I am not sure how the next segue occurred. That may have been because I had trouble understanding her accent, but it's equally possible that there *was* no segue. She pointed out my wedding ring and asked if I knew that all husbands cheat.

I said I knew that lots of people cheated on their spouses and checked my watch. Nope. Couldn't get to the hotel that early, even if I *was* volunteering.

She next explained that she was an OB, and asked me if I had children, because once you have kids, you're not "tight" any more, and men lose interest. So if I had kids in the future, I should be sure to have them by c-section.

Ummm. I stopped checking my watch. We had entered "truth is stranger than fiction" territory and I was completely enthralled.

At this point, she launched into a long description of a technique she'd learned from her mother, which prevented her husband from cheating. According to her, anyone who *didn't* use this technique was doomed to have a husband slept around.

Unfortunately(??), I couldn't quite understand the method.
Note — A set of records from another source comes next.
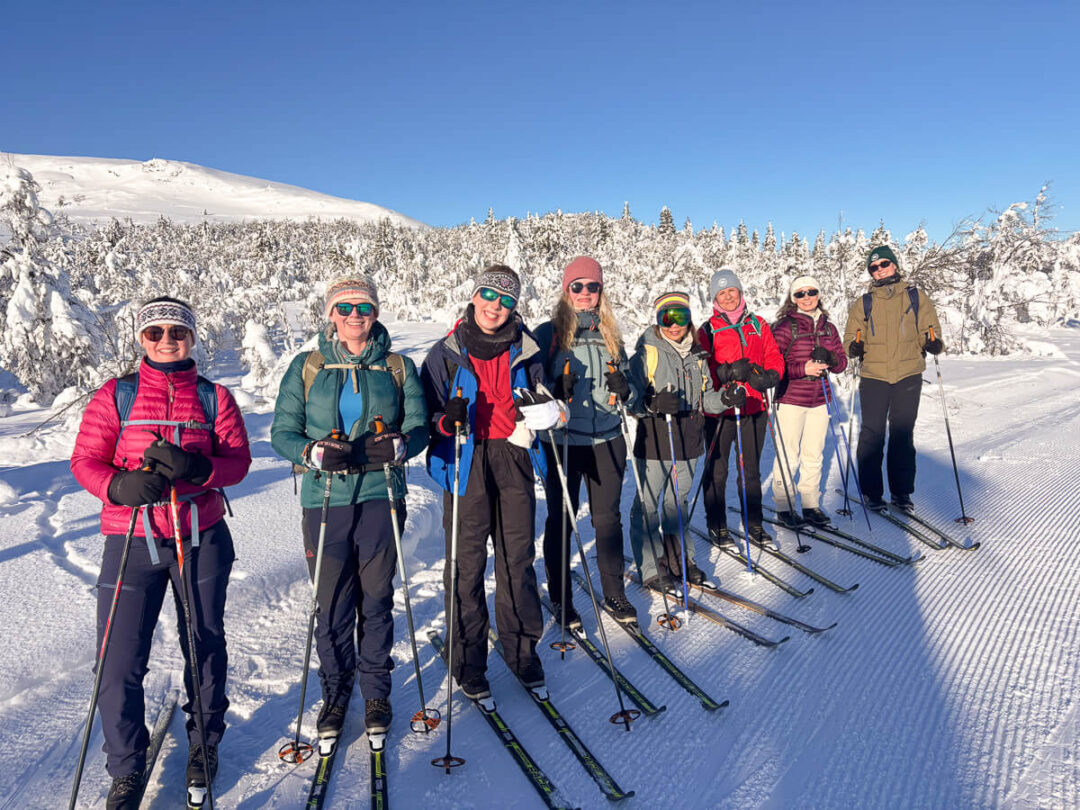 Women cross-country skiing with skis on snowy tracks in Norway, group holiday outdoors in winter mountains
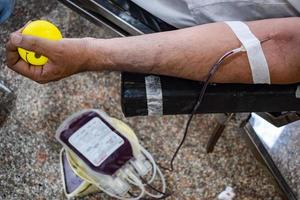 donante de sangre en el campamento de donación de sangre sostenido con una pelota hinchable en la mano en el templo balaji, vivek vihar, delhi, india, imagen para el día mundial del donante de sangre el 14 de junio de cada año, campamento de donación de sangre foto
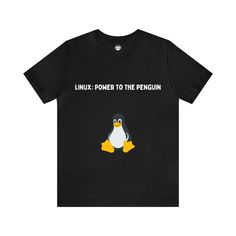 It is the perfect gift for a Linux enthusiast. This classic unisex jersey short-sleeve tee fits like a well-loved favorite. Soft cotton and quality print make users fall in love with it repeatedly. These t-shirts have ribbed knit collars to bolster shaping. The shoulders are tapered for a better fit over time. Dual side seams hold the garment's shape for longer.  . It is made with 100% Airlume combed and ring-spun cotton, a lightweight fabric (4.2 oz/yd² (142 g/m that is easy to layer and breath Graphic Tee Crew Neck T-shirt As Gift, Funny Short Sleeve Tops With Logo Print, Black Tri-blend T-shirt With Funny Text, Funny Black Short Sleeve T-shirt, Black Relaxed Fit T-shirt As Gift, Unisex Cotton T-shirt For Gift, Unisex Graphic Print T-shirt For Gift, Gift Black T-shirt With Funny Text, Graphic Tee T-shirt With Relaxed Fit As Gift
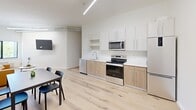 Located at 440 Monroe Ave in Memphis, TN, this single-floor unit offers a thoughtfully designed layout that maximizes every square foot. Light hardwood flooring flows throughout the entire space, lending warmth and continuity to the modern aesthetic.

The open-concept kitchen and living area serves as the heart of the unit. The kitchen features two-tone cabinetry — warm wood lower cabinets paired with white upper cabinets — complemented by a white quartz countertop, undermount sink, and a full suite of stainless steel appliances including a range, microwave, dishwasher, and refrigerator. Sleek linear LED lighting runs along the ceiling, adding a contemporary industrial touch alongside exposed conduit accents visible in the living area.

The living space is bright and airy, with soaring ceilings that enhance the sense of openness. A large window frames a view of surrounding greenery, allowing ample natural light to fill the room.

The bathroom is clean and minimal, featuring a tiled tub-shower combination, hardwood flooring, and crisp white fixtures. A dedicated laundry area houses a stacked Whirlpool washer and dryer unit, providing added convenience. A hallway connects the spaces efficiently, completing this well-appointed, modern residence in the heart of Memphis.
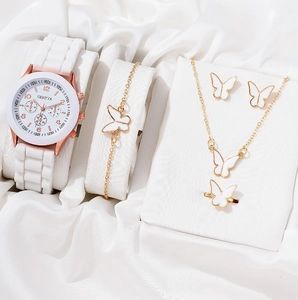 Elegant women's white quartz watch and butterfly jewelry set with golden finish
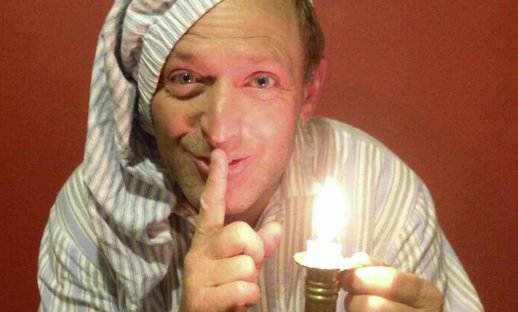 Rogan Mills storyteller in nightgown with candle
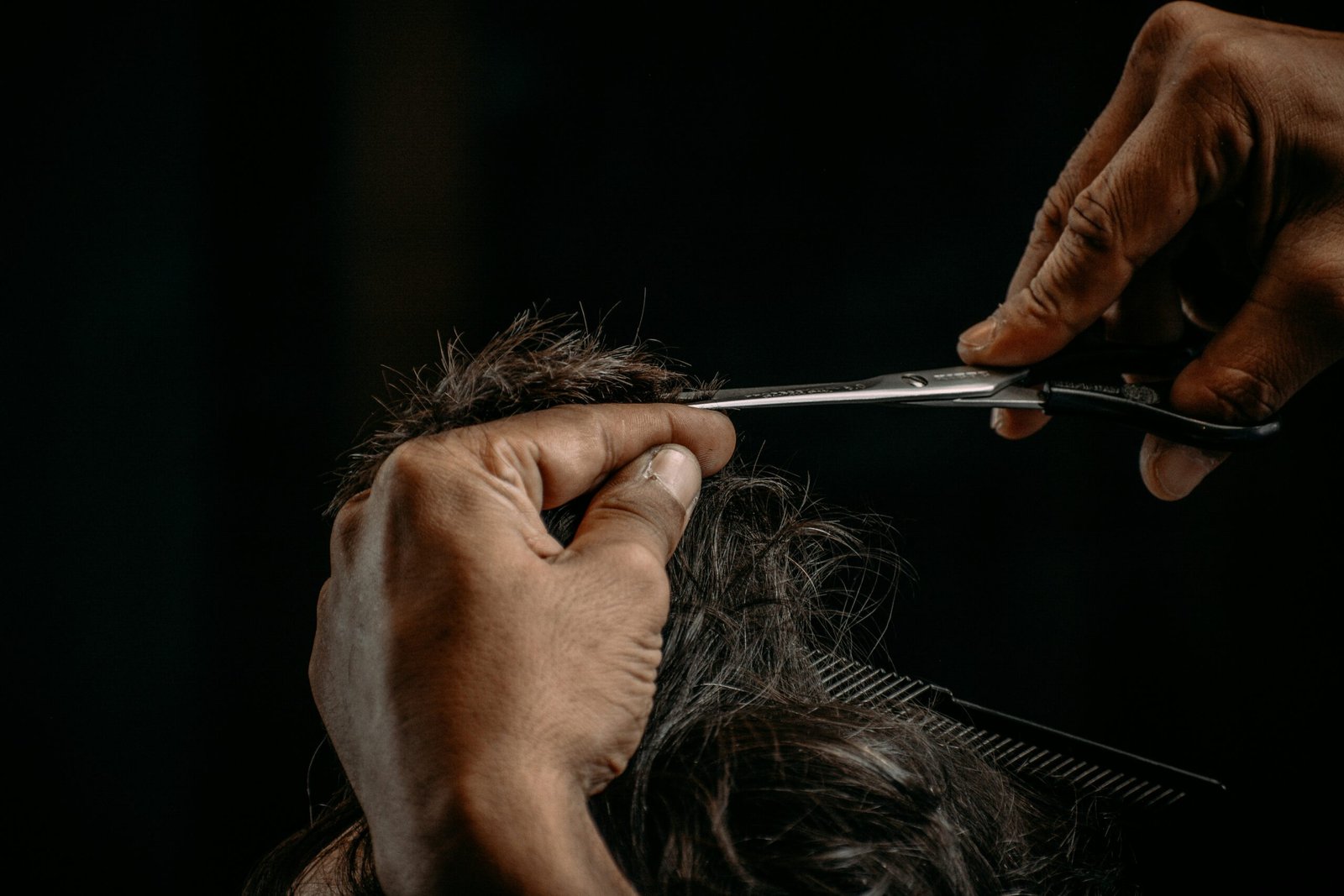 a person cutting a woman's hair with scissors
It had something to do with cleaning certain areas very thoroughly, then using a coca-cola rinse. This would in some way (positively? negatively?) affect the man so as to stop him from cheating.

Of course, if I had understood, I might have lost my breakfast all over the floor, but I'd be able to make a mint selling the guaranteed cheatin'-spouse-cure.

At 9:51 AM, May 08, 2007, Blogger Gracesmom48 said...

I obviously need to shop somewhere else. Melissa

At 11:02 AM, May 08, 2007, Anonymous Anonymous said...

Who says running errands is boring? Ha. Me? I'd probably shop in another grocery store. LOL.

I'm still without a computer, the new one is on it's way. I feel really disconnected from the world. Hmm. I checked my emails this morning & I got another request for a partial. yay!!

I'm moving along with my synopsis. It's coming together nicely. My dogs have a pen out in the back to play in & they had two friends over on Sunday. LOL. Too funny - their social life is better than mine.

Have a great day,

At 7:54 PM, May 09, 2007, Blogger Karen MacInerney said...


Oh, my GOD.

And here I was feeling mildly uncomfortable about being serenaded in a parking lot.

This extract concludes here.